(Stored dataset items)
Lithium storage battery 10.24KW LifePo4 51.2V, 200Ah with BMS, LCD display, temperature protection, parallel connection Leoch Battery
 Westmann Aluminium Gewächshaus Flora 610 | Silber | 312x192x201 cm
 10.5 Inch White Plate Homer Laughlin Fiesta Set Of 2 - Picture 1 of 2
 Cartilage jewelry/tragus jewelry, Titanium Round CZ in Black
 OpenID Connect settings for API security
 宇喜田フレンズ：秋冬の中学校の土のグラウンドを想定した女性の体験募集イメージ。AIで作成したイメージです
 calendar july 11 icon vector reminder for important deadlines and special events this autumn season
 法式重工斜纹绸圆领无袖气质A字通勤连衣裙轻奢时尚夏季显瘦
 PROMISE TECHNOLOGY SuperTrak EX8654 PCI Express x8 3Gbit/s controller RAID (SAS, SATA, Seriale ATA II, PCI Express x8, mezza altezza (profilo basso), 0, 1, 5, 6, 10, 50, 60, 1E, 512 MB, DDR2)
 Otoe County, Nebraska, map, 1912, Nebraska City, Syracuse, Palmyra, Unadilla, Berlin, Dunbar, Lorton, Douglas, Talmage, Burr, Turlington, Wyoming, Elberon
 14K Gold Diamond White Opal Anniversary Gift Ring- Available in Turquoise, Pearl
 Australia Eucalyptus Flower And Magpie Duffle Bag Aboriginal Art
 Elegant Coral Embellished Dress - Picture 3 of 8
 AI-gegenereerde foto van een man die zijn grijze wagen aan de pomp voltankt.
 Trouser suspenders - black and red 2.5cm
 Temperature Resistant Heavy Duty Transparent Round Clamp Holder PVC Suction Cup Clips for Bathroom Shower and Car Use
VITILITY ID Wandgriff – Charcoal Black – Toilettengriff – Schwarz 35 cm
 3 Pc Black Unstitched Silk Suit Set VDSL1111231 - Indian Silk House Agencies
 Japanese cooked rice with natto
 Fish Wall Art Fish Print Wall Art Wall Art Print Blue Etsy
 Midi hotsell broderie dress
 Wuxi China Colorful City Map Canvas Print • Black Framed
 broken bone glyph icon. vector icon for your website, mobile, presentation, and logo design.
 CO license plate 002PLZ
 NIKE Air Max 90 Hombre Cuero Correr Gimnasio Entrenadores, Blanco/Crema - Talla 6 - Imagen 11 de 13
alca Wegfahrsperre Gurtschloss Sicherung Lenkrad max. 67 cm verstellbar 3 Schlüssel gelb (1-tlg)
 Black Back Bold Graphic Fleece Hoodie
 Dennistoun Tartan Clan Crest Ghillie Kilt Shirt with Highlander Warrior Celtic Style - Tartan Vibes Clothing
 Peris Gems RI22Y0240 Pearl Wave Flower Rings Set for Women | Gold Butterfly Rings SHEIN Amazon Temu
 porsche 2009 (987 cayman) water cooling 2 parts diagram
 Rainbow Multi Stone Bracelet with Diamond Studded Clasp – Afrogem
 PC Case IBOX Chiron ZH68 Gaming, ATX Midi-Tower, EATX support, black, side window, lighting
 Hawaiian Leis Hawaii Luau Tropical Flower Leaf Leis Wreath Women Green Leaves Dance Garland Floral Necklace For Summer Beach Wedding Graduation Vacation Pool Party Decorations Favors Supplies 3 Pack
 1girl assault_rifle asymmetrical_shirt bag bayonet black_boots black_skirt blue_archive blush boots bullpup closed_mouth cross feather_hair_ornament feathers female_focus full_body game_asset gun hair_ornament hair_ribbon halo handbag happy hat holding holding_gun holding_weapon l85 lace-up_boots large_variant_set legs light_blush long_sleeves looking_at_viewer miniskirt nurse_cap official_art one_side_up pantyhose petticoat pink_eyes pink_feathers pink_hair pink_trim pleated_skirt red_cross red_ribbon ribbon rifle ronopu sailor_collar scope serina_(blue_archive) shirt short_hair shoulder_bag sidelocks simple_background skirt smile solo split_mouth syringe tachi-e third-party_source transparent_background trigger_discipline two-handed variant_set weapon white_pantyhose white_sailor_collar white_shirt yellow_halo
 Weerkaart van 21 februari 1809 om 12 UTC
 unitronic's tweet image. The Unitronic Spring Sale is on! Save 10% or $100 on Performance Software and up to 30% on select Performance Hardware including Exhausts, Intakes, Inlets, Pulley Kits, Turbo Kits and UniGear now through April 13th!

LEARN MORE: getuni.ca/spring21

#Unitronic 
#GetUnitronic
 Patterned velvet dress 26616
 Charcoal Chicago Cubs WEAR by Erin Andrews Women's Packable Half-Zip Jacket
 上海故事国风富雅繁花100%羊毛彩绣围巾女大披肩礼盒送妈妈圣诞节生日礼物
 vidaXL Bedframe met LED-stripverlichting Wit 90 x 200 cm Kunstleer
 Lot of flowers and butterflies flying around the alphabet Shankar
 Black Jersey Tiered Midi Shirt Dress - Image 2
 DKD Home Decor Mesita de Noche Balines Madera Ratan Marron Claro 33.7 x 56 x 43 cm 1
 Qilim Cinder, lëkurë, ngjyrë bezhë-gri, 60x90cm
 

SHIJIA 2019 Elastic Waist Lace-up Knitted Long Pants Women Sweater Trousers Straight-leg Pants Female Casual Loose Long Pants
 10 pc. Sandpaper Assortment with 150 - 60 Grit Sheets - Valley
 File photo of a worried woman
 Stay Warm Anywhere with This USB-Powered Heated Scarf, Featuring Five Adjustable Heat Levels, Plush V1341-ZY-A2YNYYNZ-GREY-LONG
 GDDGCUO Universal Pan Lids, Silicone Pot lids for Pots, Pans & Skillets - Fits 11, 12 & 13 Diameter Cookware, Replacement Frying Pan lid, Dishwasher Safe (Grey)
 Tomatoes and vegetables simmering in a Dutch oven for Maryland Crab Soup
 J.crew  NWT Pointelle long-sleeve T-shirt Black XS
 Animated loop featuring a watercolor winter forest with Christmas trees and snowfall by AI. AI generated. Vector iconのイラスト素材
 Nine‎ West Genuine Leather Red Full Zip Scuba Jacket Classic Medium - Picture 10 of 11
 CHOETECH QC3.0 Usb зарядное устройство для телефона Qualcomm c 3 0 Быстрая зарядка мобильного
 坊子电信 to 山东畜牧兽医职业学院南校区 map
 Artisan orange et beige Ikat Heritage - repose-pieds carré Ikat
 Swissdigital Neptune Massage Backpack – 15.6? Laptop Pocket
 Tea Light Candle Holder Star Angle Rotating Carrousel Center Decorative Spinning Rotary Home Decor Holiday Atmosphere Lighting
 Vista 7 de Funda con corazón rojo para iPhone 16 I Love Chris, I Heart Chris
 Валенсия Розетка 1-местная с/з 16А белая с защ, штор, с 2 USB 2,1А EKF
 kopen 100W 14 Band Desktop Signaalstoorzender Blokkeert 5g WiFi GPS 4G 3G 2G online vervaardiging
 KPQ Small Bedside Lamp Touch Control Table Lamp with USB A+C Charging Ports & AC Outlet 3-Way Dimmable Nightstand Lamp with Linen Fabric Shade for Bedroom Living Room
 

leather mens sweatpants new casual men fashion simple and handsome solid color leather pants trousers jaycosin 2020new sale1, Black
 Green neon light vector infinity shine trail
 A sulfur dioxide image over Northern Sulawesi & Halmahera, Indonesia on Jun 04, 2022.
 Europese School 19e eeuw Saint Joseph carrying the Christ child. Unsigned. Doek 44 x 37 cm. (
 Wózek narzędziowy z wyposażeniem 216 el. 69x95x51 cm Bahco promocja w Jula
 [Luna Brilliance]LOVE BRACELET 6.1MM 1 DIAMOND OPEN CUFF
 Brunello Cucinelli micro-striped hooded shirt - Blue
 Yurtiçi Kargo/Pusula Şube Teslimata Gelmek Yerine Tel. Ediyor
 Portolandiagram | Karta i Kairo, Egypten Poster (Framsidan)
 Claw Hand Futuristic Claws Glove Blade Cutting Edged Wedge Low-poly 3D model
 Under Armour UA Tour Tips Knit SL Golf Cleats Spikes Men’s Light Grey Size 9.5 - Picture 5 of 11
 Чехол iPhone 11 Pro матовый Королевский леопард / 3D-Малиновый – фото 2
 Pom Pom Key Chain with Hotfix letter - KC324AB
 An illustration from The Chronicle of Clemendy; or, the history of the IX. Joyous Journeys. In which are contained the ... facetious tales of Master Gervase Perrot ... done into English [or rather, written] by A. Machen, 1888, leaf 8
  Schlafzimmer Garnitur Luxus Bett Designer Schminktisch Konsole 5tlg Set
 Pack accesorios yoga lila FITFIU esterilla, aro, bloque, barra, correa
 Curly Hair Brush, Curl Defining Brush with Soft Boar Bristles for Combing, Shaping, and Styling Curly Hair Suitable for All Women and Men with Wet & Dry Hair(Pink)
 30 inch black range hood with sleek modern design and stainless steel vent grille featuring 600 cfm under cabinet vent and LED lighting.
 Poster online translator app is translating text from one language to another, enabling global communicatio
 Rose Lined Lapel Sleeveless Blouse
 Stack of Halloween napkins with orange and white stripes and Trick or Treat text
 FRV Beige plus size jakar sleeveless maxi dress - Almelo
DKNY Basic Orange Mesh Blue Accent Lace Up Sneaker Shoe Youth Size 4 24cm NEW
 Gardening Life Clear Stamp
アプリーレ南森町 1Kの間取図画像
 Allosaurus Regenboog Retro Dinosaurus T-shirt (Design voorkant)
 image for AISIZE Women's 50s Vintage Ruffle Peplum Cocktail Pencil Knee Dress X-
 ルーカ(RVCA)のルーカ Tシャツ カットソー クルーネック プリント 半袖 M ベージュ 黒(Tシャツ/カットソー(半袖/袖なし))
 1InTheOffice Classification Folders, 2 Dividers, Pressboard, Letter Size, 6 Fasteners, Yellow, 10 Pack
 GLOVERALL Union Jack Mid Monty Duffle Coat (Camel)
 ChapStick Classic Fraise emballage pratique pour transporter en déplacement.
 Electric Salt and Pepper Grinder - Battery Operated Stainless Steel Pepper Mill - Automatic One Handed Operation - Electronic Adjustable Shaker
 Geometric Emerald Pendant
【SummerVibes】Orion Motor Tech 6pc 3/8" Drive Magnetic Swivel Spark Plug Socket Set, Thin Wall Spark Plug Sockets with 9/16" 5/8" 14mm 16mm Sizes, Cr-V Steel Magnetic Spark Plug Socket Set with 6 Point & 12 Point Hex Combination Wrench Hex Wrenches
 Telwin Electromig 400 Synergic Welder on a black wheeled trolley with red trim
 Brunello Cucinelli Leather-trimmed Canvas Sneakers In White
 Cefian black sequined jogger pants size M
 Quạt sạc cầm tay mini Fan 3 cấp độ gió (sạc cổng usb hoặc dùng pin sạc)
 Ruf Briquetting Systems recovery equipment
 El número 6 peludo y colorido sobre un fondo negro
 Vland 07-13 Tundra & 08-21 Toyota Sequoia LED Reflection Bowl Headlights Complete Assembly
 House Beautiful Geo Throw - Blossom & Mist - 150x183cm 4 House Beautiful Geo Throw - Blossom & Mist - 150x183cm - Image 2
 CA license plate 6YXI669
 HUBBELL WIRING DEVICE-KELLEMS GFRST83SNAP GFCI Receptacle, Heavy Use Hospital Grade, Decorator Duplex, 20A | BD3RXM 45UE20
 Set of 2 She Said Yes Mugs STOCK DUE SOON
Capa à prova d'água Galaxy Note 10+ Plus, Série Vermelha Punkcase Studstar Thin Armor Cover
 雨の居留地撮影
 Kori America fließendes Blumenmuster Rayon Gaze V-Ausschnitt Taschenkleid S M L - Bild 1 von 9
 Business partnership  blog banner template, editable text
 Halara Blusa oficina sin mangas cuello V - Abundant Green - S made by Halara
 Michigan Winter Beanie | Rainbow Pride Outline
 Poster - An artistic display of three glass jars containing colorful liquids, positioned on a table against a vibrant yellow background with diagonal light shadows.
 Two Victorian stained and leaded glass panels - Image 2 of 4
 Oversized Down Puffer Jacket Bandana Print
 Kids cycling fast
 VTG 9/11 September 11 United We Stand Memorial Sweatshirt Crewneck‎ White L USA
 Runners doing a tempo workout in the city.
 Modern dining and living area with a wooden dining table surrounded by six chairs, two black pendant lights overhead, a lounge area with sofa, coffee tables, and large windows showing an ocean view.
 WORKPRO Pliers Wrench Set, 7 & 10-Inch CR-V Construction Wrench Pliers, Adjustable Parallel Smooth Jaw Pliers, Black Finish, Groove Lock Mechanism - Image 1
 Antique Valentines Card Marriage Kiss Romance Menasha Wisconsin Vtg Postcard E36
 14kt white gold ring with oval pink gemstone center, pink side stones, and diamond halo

● **Assignment**
Copy the entries above exactly, but only from the line holding "3 Pc Black Unstitched" through the line holding "Hawaiian Leis Hawaii", both included.

● **Result of this exercise**
 3 Pc Black Unstitched Silk Suit Set VDSL1111231 - Indian Silk House Agencies
 Japanese cooked rice with natto
 Fish Wall Art Fish Print Wall Art Wall Art Print Blue Etsy
 Midi hotsell broderie dress
 Wuxi China Colorful City Map Canvas Print • Black Framed
 broken bone glyph icon. vector icon for your website, mobile, presentation, and logo design.
 CO license plate 002PLZ
 NIKE Air Max 90 Hombre Cuero Correr Gimnasio Entrenadores, Blanco/Crema - Talla 6 - Imagen 11 de 13
alca Wegfahrsperre Gurtschloss Sicherung Lenkrad max. 67 cm verstellbar 3 Schlüssel gelb (1-tlg)
 Black Back Bold Graphic Fleece Hoodie
 Dennistoun Tartan Clan Crest Ghillie Kilt Shirt with Highlander Warrior Celtic Style - Tartan Vibes Clothing
 Peris Gems RI22Y0240 Pearl Wave Flower Rings Set for Women | Gold Butterfly Rings SHEIN Amazon Temu
 porsche 2009 (987 cayman) water cooling 2 parts diagram
 Rainbow Multi Stone Bracelet with Diamond Studded Clasp – Afrogem
 PC Case IBOX Chiron ZH68 Gaming, ATX Midi-Tower, EATX support, black, side window, lighting
 Hawaiian Leis Hawaii Luau Tropical Flower Leaf Leis Wreath Women Green Leaves Dance Garland Floral Necklace For Summer Beach Wedding Graduation Vacation Pool Party Decorations Favors Supplies 3 Pack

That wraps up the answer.